A rapidly enlarging red-pink dome on the bald scalp or forehead of an elderly fair-skinned patient; AFX and PDS sit on a continuum defined by depth, vascular and perineural invasion.

By Dr. Yehonatan KaplanPublished Updated

In brief

Atypical fibroxanthoma is a dermal pleomorphic spindle cell tumor of the chronically photodamaged elderly scalp and face, classically running an indolent course with metastatic risk under 1%. Pleomorphic dermal sarcoma represents the higher-grade counterpart: histologically similar but extending into subcutis, with vascular or perineural invasion, tumor necrosis, and metastatic risk in the 10 to 20% range. The two tumors share a UV-driven mutational signature, identical immunohistochemistry (CD10 positive, S100 negative), and a near-identical dermoscopic appearance, so the distinction rests on histology of the entire excised specimen.

Must-remember points

💡AFX and PDS share clinical and dermoscopic features; the distinction is histologic and depth-based, not visible at the chair side.
🔬Mandatory IHC: MART-1 or SOX10, S100, AE1/AE3 plus p63 or p40, plus desmin or SMA and CD34 to exclude melanoma, sarcomatoid SCC, leiomyosarcoma, and DFSP.
🩸Dermoscopy shows red structureless background, polymorphic vessels, ulceration, and shiny white areas; absence of pigmented structures.
🧬Both AFX and PDS carry UV-signature TP53, CDKN2A, NOTCH1/2, and FAT1 mutations, supporting a shared photodamage etiology.
✂️Mohs micrographic surgery is the surgical standard, with local recurrence under 5%; wide local excision needs 1 to 2 cm margins to fascia.
🩻PDS with subcutaneous, vascular, or perineural invasion warrants imaging and selective consideration of SLNB; AFX does not require staging.
📋Deep punch or excisional biopsy preferred over shave: superficial sampling can mask the subcutaneous component that defines PDS.

Clinical content

01Clinically AFX and PDS present as a solitary, rapidly enlarging red to red-pink dome-shaped or polypoid nodule, often ulcerated, on the bald scalp, ear, forehead, or dorsal hand of a fair-skinned patient over 70. Lesions are usually 1 to 2 cm at diagnosis and reported as growing over weeks to months. Background actinic damage, multiple AKs, and prior NMSC are nearly universal. The clinical differential includes amelanotic melanoma, BCC (especially nodular and basosquamous variants), SCC, Merkel cell carcinoma, pyogenic granuloma, and angiosarcoma, each of which can mimic AFX and must be excluded histologically.

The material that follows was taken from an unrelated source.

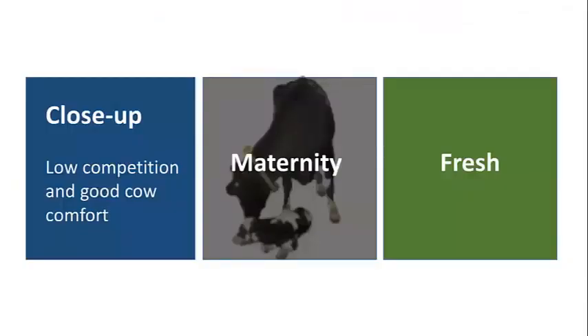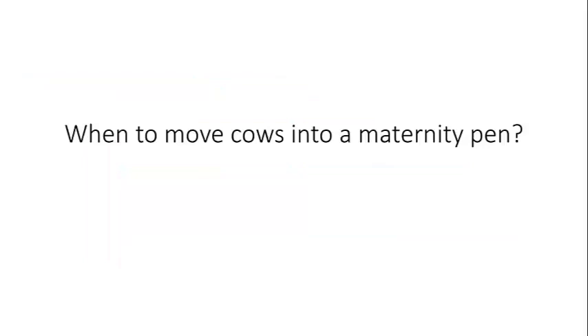So, any questions about close-up? Otherwise I'll switch gears to maternity. The take-home messages are low competition and good cow comfort — really trying to avoid the risk of lameness, metritis, and ketosis after calving by giving cows the space and comfort they need to make it through transition without those health problems. So let's talk about maternity.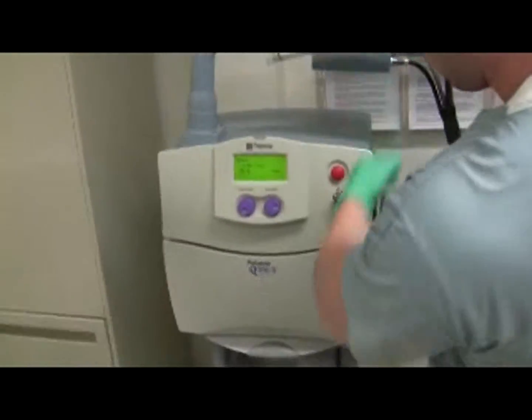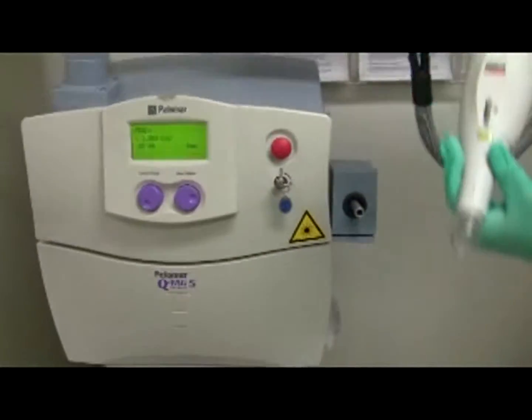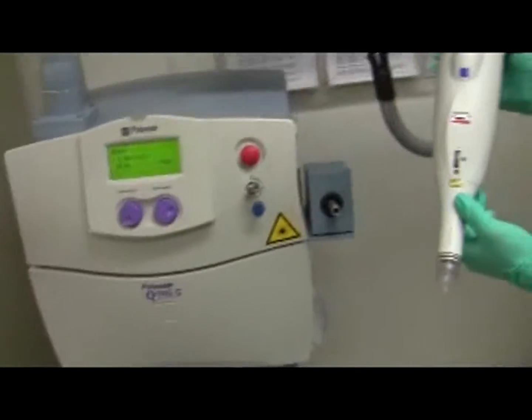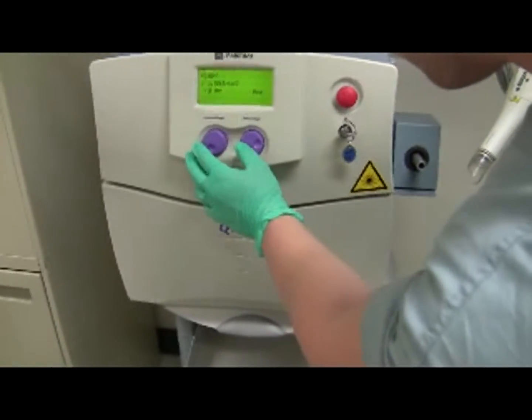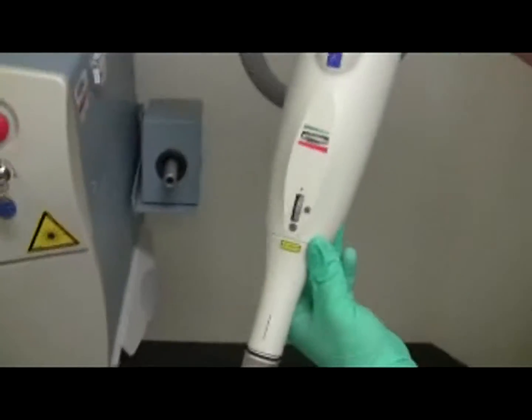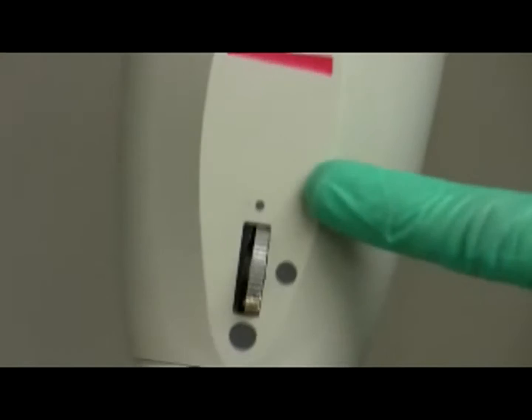Choose the desired spot size using the dial on the handpiece — don't press anything else. The size of the dot is directly proportional to the diameter. The options are two, four, and six. Let it focus for a second because it takes a moment to focus in.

02Dermoscopy of AFX and PDS is nonspecific but reproducible. The most consistent features are a red structureless background, polymorphic vessels (linear-irregular, dotted, hairpin, serpentine, sometimes arborizing), ulceration with hematogenous crust, and white scar-like or shiny white areas reflecting the dermal collagen of the tumor stroma. A whitish-pink or porcelain-white perimeter has been reported. Pigmented structures and pigment network are absent. As with MCC and amelanotic melanoma the dermoscopic call is malignant amelanotic tumor, and biopsy is mandatory.

03Histopathology shows sheets and fascicles of pleomorphic spindle and epithelioid cells with marked nuclear atypia, atypical mitoses (often more than 10 per high-power field), and giant cells. AFX is confined to the dermis and abuts but does not significantly invade subcutis. PDS by definition shows substantial subcutaneous extension, lymphovascular invasion (LVI), perineural invasion (PNI), or tumor necrosis, any one of which upgrades AFX to PDS. Both tumors are typically larger and more deeply infiltrative than they appear clinically.

04Immunohistochemistry is essential because diagnosis is one of exclusion. The classic panel is MART-1 / SOX10 (negative; excludes spindle cell or desmoplastic melanoma), S100 (negative; excludes melanoma and most malignant peripheral nerve sheath tumors), p63 / p40 and pan-cytokeratin AE1/AE3 (negative; excludes sarcomatoid SCC), and CD34 / desmin / smooth muscle actin (typically negative; excludes leiomyosarcoma and DFSP). CD10, CD68, CD99, and procollagen-1 are usually positive but are not specific. UV-signature TP53 mutations are present in nearly all AFX and PDS, supporting a shared origin.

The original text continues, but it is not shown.